Sean Ellis argues that a startup has reached product/market fit when 40% of users would be “very disappointed” if the product disappeared.
Now without any doubt, these are very desirable goals. And from the perspective of venture capitalists, product-market fit really does seem like a useful concept.
Just by looking at metrics and charts like the ones above, they can divide startups into two categories: before product/market fit and after product/market fit. I can totally see how this helps with investment decisions.
But what about the founders? Is telling them to “focus on finding product/market fit” really helpful?
Let’s say you’re a founder and you can’t see an inflection point in your growth chart. You also have no idea how many of your customers would be “very disappointed” if the product disappeared since there aren’t enough of them to get a statistically meaningful answer.
So… what are you gonna do? How can you reach that magical state called product/market fit?
The concept is far too abstract to offer any kind of practical guidance.
The term product/market fit invokes the picture of founders miraculously discovering what this big diffuse thing called market wants by tweaking their product. To test how the “market” responds they make a bunch of diffuse noise by posting on Product Hunt, Twitter, and trying to get some press mentions. If that doesn’t work out, they change their product and try again.
What really is the market? Is it people? Is it businesses? Is it something driven by a magical, invisible hand? And are we talking about the one big, universal market or individual smaller-scale markets?
What about the term product? Are we really just talking about the set of features you’re selling to customers?
But isn’t the way you present and package it oftentimes not just as if not more important?
No one needs or wants another sugary, aweful tasting softdrink. But with the right positioning you can nevertheless end up with a billion dollar business like RedBull.
And what about customer acquisition strategies? Sometimes neither your product nor your market need to change to find success. Instead, all it takes is figuring out a scalable way to acquire new customers.
The concept product/market fit is definitely abstract enough to argue that these topics somehow fit under its umbrella. But at the very least, this is far from obvious and hence potentially very misleading.
Taking the idea of hunting for product/market fit at face value, suggests focusing on tweaking your product’s feature sets or hopping from market to market; hardly an optimal strategy.
Now it’s of course always easy to criticise without proposing a proper alternative. So here’s one.
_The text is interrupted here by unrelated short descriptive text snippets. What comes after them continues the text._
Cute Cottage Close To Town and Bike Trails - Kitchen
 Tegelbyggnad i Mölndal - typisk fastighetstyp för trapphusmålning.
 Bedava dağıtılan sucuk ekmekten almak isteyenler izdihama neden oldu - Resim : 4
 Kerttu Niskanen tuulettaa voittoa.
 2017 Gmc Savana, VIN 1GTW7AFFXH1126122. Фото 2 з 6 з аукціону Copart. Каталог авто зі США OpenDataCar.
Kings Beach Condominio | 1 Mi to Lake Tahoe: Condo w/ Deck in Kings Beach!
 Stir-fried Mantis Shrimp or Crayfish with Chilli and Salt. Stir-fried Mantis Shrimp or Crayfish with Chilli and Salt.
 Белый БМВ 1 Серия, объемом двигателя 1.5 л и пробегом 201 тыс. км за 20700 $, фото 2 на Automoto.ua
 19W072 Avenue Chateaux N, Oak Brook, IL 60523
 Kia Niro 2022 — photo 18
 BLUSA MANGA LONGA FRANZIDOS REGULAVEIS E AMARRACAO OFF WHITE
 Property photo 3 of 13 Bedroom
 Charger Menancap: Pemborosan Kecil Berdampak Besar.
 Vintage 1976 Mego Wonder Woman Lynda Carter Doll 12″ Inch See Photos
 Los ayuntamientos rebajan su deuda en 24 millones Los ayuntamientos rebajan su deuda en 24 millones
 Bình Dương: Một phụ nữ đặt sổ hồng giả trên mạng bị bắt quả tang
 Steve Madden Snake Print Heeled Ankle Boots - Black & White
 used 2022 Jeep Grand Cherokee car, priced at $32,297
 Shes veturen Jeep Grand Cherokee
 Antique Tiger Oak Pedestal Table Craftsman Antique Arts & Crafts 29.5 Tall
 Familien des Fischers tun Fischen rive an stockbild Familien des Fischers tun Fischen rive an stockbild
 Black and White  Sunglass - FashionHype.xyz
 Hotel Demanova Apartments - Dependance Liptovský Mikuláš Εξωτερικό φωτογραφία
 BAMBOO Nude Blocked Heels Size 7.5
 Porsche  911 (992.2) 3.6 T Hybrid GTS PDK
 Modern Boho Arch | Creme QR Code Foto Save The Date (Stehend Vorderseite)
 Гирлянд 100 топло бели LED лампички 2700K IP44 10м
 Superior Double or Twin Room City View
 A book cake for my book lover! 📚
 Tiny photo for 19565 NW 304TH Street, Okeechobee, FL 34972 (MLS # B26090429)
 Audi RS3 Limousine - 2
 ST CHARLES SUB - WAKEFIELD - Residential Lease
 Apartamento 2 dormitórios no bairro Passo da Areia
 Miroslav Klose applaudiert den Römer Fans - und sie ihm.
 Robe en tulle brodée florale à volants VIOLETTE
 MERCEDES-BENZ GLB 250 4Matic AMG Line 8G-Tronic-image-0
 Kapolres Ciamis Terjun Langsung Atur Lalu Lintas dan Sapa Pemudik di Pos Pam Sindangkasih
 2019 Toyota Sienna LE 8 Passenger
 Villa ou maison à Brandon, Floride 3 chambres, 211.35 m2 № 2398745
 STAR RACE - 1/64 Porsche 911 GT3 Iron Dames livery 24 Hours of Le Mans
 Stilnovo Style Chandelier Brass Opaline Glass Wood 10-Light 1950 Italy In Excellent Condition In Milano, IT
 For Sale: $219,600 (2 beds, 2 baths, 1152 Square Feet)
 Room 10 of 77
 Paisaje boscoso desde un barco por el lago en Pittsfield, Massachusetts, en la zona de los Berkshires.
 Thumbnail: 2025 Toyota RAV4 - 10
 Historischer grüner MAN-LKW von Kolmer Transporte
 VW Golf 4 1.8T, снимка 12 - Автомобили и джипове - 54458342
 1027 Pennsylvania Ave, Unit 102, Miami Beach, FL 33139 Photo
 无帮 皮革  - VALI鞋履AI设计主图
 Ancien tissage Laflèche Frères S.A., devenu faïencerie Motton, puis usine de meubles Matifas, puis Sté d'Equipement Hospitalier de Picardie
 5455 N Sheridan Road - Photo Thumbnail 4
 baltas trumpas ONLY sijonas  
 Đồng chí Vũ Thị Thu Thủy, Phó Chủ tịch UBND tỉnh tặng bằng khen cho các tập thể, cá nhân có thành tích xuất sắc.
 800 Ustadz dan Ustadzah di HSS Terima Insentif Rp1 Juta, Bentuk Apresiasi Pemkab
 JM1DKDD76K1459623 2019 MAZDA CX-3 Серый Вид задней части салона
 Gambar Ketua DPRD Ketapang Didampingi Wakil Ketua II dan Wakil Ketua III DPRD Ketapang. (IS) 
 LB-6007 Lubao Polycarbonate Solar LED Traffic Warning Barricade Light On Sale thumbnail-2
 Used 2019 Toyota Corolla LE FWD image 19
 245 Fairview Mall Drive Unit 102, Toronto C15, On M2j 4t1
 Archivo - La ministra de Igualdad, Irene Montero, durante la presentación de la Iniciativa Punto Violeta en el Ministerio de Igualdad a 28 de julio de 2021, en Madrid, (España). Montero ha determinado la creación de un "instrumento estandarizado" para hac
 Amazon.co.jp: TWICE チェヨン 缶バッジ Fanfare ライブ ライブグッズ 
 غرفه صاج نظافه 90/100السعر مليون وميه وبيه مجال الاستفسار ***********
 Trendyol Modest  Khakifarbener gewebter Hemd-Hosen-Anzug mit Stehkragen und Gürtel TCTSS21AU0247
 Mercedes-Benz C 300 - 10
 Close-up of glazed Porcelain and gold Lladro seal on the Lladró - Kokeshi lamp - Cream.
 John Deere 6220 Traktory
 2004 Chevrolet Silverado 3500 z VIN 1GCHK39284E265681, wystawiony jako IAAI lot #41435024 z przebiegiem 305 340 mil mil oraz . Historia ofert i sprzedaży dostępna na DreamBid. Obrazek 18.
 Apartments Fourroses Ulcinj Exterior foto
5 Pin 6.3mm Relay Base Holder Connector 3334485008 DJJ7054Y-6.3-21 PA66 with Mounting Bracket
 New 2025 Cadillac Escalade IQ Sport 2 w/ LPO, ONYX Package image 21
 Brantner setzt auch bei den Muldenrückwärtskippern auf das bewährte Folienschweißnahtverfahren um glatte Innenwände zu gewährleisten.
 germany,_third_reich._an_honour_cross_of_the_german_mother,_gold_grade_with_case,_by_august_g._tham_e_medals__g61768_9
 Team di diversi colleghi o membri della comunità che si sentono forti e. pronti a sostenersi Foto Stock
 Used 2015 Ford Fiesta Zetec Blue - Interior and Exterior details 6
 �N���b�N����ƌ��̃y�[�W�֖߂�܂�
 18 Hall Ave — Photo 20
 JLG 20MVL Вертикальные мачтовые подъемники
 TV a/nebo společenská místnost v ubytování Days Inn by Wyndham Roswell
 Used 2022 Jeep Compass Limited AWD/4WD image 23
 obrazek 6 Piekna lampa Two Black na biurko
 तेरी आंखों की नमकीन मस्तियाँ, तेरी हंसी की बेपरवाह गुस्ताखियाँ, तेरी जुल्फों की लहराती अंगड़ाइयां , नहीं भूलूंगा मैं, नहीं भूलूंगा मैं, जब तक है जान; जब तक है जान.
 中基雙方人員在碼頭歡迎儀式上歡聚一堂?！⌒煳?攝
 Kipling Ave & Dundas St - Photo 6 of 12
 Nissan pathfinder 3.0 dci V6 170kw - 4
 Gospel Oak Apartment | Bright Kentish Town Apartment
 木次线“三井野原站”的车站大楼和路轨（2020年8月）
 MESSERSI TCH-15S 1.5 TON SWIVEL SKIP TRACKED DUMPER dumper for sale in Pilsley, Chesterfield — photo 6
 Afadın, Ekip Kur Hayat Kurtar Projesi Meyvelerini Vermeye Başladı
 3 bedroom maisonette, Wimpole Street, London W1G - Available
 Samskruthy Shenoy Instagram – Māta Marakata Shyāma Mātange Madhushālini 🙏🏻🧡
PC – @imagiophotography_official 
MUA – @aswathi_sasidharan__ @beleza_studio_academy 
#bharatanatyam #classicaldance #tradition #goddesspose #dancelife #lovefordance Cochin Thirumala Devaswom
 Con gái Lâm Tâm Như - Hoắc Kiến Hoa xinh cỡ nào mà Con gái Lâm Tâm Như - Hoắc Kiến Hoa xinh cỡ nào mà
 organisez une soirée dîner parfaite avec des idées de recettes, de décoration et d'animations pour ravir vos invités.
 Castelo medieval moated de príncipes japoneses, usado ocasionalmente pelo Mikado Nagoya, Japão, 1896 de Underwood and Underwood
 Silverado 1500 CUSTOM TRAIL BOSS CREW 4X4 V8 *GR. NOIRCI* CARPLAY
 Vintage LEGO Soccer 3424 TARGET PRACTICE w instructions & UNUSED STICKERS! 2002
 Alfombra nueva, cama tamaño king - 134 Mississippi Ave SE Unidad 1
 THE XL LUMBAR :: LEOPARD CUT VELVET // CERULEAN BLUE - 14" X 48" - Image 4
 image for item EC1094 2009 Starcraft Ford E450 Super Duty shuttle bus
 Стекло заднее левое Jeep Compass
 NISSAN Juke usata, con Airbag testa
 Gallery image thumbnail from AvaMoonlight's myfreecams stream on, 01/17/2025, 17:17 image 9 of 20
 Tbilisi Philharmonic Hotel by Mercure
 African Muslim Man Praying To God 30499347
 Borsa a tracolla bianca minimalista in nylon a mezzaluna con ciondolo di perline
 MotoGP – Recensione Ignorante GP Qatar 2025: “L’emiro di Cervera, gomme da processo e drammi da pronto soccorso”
If you study how businesses got to the inflection point where growth really starts to take off it usually boils down to this: they found one scalable customer acquisition channel and crafted an offer that converts. That’s really all it takes.
This observation suggests that founders should focus on channel/offer fit.
Unlike the vague concept of product/market fit, this is not just a desirable destination but also directly suggests a path for getting there:
Now there’s obviously still a lot of room for experimentation. You not just have to try different channels but also figure out the details. What keywords should you bid on? What profiles should you target on Facebook? What newsletters should you sponsor?
In a sense this a process for testing how different audiences (”markets”) respond to your offer. But here you’re not thinking about lofty “markets” that might only exist in your own imagination. You’re thinking about specific groups of people and realistic ways of reaching them.
The second part of the channel/offer equation emphasizes that a product is far more than a sum of its features.
Decisions like pricing, guarantees, bundling of features into different packages, and the product’s positioning are all part of your offer and play an integral role.
Depending on the type of product you’re building, there are different value equations you can use to optimize your offer.
Finding channel/offer fit is no easier than finding product/market fit.
But while founders who focus on product/market start with a dream, those who focus on channel/offer fit start with a plan.